Even within the process of fermentation, Katz leverages practicality and precision over tradition, using new tech like optical sorting machines (high-speed industrial machines outfitted with cameras and lasers, identifying and processing faulty berries at scale, processing around 7 tons per hour in vast comparison to the hand-sorted processing of the past) and automatic pump over machines. The automatic pumpover, a relatively new technology yet to be adapted en masse across the industry, offers an efficient alternative to the manual pumpovers of the past—these machines circulate fermenting juice over the cap of grape skins automatically via a machine programmed to sense the mixture as opposed to the alternative, which required laborers to physically hand pump the mixtures at specific times in the fermentation process. This process ensures consistency in texture and flavor across batches.

A week spent on the Aperture vineyards, or within the Aperture Estate at the Russian River, is not for someone looking to be told what to think, or how to process wines—this is no elementary vineyard visit. In fact, both Freese and Katz chuckle when asked what the wine actually tastes like, eschewing the conventions of the tourist-heavy economy upon which much of wine country has been constructed. “Everyone tastes differently,” Katz laughs one afternoon when asked about the notes in the Chenin Blanc. “You tell me what you taste. It’s probably right.” There is no need to tell people the wine is good—Katz knows it’s good. He’s certain about it.
And it is excellent. Aperture’s 2021 Farrow Ranch Cabernet Sauvignon was the first perfect 100-point Cabernet created in Alexander Valley history. In fact, nearly all of the wines put out by the winery (and by Katz) have between 94-100 point scores—since 2013, Katz has garnered 22 perfect 100s for wines on which he’s worked. Aperture has earned 8 perfect 100s. Year by year, bottle after bottle, Katz’s methods, developed under the guidance of Freese, yield excellence. It should come as no surprise that Katz helped create and vend the most expensive bottle of wine ever sold, or that he crafted Justin Timberlake and Jessica Biel’s wedding wine, or that Aperture is now sold as the choice wine for business class on all United Polaris flights.
What makes a brand modern? What makes a product worth believing in?
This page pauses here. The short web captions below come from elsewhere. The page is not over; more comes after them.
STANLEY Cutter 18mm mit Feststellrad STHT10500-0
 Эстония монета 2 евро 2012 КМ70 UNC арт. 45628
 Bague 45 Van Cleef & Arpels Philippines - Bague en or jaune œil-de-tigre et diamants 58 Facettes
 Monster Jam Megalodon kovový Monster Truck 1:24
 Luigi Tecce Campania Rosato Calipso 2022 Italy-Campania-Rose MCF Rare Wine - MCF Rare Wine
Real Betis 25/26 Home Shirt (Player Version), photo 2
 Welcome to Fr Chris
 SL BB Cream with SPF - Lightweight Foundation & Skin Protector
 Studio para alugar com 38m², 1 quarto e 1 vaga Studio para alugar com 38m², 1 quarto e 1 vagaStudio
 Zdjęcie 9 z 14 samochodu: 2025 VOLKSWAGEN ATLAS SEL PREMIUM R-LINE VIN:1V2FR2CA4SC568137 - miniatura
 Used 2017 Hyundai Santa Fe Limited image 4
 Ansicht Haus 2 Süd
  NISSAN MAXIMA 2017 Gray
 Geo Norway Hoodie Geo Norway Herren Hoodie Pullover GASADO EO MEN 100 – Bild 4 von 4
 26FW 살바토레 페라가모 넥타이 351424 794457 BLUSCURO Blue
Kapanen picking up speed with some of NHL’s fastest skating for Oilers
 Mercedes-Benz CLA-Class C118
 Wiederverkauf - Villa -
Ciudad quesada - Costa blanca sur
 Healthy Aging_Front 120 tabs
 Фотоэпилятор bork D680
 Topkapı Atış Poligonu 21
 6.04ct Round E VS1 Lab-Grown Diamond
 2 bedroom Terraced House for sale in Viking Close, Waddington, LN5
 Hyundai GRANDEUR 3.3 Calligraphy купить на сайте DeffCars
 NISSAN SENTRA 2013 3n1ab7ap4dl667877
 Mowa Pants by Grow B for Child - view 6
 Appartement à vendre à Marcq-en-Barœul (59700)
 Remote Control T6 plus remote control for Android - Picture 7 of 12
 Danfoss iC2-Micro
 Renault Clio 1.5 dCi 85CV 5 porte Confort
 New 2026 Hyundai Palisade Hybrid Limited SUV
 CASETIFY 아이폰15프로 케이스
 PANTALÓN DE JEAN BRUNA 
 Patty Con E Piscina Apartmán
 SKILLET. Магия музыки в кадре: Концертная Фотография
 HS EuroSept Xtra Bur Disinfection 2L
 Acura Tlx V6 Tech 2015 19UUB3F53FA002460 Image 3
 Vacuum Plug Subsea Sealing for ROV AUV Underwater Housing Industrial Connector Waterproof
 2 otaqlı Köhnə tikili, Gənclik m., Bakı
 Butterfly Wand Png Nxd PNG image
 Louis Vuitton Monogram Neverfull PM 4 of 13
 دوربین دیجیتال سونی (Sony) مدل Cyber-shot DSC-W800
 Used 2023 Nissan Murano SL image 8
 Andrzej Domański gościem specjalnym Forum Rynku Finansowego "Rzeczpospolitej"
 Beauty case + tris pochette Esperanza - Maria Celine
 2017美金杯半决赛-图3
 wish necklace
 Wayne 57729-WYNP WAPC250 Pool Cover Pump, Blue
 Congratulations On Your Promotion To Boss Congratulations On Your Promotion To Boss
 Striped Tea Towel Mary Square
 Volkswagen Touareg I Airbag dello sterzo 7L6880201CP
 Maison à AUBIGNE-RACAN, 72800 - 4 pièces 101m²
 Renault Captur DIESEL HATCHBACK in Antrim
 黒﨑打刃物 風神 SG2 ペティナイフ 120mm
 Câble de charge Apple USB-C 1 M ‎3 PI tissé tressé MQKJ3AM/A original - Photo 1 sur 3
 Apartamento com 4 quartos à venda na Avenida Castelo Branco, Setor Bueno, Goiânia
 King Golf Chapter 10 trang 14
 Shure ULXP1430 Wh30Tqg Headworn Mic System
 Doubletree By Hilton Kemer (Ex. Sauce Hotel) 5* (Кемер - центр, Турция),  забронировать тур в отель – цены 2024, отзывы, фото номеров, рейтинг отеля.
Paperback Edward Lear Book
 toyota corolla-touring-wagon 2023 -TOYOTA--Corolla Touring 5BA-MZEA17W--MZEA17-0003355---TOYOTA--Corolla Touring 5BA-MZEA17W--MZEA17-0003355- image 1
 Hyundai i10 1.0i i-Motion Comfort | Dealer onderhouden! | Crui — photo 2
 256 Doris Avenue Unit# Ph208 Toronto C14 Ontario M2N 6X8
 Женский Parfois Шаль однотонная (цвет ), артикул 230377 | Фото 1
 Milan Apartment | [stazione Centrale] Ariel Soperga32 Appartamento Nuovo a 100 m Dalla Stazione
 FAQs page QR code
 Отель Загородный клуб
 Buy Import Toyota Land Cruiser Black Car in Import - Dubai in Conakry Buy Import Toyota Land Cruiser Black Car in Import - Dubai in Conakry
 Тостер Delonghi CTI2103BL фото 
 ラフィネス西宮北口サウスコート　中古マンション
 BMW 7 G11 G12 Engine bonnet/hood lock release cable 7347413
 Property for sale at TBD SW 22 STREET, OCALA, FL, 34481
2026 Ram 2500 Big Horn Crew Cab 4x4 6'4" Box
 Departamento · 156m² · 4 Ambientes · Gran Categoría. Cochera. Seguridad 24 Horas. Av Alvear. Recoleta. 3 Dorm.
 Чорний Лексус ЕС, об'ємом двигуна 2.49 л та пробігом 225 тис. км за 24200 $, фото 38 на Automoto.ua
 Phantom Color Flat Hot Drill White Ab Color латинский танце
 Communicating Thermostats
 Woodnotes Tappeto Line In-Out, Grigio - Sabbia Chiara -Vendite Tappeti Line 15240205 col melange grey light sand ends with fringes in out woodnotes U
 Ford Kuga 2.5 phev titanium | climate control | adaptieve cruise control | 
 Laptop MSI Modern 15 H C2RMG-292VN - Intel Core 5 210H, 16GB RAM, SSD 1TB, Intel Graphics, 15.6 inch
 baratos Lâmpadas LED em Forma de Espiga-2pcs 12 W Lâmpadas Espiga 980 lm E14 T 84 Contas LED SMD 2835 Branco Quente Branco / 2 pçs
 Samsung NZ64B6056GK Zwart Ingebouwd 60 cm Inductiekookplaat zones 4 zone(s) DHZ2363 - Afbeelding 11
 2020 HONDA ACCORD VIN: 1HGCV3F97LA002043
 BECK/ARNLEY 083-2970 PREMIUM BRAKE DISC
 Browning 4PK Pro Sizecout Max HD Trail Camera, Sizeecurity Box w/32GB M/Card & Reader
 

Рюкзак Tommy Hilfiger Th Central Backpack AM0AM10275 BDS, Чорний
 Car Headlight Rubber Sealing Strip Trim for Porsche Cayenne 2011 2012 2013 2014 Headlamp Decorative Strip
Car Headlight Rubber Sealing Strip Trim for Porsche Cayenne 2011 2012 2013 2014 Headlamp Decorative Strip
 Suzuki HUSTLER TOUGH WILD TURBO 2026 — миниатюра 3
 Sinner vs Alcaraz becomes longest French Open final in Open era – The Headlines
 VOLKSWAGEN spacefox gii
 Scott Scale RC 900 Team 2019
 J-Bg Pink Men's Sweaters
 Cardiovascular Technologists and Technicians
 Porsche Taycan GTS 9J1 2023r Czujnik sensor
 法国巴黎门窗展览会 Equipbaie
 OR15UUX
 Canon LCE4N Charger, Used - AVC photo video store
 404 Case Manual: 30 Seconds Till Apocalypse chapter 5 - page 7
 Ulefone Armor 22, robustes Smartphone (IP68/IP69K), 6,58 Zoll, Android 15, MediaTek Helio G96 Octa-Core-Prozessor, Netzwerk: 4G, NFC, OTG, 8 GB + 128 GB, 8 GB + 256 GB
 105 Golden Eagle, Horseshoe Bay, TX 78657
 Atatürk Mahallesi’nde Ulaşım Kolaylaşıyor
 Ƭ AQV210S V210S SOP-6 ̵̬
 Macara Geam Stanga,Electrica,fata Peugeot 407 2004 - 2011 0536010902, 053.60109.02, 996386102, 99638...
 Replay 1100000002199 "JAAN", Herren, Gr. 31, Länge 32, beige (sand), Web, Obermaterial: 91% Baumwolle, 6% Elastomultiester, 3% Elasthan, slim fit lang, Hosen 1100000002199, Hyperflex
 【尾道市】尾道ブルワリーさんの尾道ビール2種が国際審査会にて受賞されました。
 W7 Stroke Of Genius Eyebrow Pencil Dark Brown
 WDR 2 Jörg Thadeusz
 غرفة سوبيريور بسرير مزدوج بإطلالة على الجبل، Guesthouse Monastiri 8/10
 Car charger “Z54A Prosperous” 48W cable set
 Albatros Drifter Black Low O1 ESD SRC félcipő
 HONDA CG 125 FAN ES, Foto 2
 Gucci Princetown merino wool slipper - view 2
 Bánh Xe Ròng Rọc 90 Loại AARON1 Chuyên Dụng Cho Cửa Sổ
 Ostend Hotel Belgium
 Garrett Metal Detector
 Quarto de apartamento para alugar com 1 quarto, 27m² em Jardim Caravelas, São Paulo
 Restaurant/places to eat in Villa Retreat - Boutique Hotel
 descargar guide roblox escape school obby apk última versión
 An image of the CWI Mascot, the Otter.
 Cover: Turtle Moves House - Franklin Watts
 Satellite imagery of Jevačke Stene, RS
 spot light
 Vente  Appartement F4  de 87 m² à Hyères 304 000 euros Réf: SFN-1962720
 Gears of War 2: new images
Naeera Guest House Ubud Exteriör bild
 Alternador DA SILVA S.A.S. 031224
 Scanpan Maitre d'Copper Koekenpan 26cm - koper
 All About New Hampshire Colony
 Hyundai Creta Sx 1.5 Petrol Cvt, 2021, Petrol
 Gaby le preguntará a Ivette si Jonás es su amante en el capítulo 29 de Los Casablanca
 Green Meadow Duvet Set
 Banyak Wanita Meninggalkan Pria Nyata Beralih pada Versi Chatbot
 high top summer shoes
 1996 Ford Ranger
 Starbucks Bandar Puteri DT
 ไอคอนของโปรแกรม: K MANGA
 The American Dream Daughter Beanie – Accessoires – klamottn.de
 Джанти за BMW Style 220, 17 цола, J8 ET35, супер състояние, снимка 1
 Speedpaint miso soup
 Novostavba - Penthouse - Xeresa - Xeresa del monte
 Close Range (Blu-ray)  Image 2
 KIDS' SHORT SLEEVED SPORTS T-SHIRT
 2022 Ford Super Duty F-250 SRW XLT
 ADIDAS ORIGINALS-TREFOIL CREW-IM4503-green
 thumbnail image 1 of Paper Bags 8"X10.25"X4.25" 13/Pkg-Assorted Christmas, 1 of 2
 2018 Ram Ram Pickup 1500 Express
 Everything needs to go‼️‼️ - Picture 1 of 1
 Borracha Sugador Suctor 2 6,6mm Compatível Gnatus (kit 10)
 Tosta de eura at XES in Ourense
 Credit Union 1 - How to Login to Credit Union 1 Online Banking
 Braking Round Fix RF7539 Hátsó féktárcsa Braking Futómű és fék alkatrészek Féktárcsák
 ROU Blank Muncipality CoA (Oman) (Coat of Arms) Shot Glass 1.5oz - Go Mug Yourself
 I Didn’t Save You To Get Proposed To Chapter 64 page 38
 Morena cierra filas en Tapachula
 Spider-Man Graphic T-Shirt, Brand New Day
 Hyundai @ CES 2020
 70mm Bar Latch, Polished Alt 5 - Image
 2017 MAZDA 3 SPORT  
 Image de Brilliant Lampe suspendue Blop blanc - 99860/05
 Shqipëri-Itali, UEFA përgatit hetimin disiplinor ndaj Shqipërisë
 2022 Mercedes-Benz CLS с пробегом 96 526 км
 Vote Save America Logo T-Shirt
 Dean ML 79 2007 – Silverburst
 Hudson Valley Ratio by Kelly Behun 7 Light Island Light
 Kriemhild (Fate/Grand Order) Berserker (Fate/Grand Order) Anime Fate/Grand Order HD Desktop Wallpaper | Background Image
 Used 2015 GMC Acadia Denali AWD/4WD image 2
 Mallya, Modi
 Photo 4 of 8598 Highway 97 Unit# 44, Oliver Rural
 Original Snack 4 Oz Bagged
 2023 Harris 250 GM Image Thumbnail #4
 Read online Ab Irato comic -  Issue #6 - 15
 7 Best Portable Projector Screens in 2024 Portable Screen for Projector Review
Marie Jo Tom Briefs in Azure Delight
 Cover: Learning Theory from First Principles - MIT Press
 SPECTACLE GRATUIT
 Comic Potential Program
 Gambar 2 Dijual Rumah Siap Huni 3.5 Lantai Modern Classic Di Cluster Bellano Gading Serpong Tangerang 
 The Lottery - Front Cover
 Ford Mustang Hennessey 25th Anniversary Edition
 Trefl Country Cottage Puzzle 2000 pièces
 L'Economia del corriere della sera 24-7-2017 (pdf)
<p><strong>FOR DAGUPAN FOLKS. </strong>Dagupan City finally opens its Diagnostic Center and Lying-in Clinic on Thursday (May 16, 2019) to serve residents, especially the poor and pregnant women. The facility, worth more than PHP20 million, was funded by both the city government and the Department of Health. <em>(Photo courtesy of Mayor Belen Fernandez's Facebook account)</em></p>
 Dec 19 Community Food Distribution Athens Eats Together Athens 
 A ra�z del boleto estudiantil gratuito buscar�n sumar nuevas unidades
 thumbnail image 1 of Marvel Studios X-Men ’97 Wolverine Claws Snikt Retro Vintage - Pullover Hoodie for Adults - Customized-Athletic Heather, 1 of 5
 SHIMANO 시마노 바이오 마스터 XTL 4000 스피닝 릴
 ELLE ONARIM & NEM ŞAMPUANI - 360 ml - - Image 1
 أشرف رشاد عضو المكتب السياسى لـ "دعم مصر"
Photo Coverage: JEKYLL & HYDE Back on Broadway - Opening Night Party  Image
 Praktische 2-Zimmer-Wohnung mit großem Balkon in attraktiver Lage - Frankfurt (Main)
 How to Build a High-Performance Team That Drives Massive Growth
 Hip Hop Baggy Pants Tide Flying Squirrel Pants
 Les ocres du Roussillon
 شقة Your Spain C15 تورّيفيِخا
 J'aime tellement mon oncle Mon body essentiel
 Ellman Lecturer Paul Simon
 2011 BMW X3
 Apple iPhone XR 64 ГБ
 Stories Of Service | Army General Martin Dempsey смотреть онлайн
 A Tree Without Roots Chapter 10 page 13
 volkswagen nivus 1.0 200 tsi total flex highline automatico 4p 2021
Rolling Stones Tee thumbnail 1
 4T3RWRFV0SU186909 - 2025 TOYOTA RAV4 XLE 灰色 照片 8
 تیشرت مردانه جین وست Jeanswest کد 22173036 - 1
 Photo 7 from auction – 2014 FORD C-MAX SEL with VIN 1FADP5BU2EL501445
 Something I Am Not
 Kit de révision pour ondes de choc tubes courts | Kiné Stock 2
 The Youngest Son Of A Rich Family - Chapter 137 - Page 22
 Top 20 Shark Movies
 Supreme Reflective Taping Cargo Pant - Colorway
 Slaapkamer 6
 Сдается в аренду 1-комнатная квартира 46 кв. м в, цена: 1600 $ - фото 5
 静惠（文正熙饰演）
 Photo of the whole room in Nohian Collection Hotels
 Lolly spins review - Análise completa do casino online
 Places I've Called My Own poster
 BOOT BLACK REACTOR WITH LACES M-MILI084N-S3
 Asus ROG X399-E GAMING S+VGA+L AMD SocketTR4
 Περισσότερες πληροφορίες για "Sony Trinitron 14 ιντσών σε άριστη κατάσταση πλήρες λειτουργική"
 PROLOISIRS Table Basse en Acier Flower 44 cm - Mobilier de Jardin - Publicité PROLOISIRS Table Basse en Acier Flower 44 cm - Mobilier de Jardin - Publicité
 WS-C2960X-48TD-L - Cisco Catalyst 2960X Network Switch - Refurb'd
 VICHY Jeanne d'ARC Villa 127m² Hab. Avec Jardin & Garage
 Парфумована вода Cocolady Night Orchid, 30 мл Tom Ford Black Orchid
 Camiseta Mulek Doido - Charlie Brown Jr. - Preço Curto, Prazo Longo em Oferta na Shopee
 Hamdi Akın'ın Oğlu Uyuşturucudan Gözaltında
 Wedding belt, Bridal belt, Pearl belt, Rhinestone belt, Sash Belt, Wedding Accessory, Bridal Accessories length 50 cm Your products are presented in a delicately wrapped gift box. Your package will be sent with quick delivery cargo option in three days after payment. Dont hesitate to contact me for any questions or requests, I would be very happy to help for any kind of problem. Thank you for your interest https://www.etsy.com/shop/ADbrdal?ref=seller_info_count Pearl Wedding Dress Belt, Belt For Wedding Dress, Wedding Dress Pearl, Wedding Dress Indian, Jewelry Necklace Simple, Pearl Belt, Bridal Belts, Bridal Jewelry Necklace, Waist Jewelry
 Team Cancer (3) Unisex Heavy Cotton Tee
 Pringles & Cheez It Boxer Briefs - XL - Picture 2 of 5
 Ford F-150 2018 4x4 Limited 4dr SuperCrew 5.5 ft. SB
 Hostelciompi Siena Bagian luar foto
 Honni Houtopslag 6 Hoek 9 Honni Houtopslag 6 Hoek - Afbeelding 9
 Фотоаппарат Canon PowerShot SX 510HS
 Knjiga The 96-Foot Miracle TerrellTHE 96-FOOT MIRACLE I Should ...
This is a question that surfaces frequently in the time of climate change, in a time where conspicuous consumption— particularly in the realm of food and drink—is less aspirational than it's ever been. But Aperture Cellars is easy to believe in. Out of Katz’s own mouth: “Sustainability isn’t just a program, it’s a way of thinking that shapes how we cultivate our vineyards and craft our wines but also about the future of wine growing,” he says. “Every vineyard we plant and every choice we make is about pushing the limits and finding the best pockets on this earth that are leaving the land stronger than we found it, so the next generation can keep creating something extraordinary… now and for generations to come.”

And so we return, under the harvest moon, to this dream—that of a man and his intimate and unknowable connection to his land, that of a farmer emerging in the middle of the night on his porch, smelling the humidity in the air, sweeping his hand to the glowing moon and proclaiming: “This will be the day of the harvest.” After spending the weekend in Sonoma, and all the deliberateness and care that goes into the product, I don’t want any old farmer on any old moon. I want my winegrower to be sure of himself. I want my winegrower to be Jesse Katz.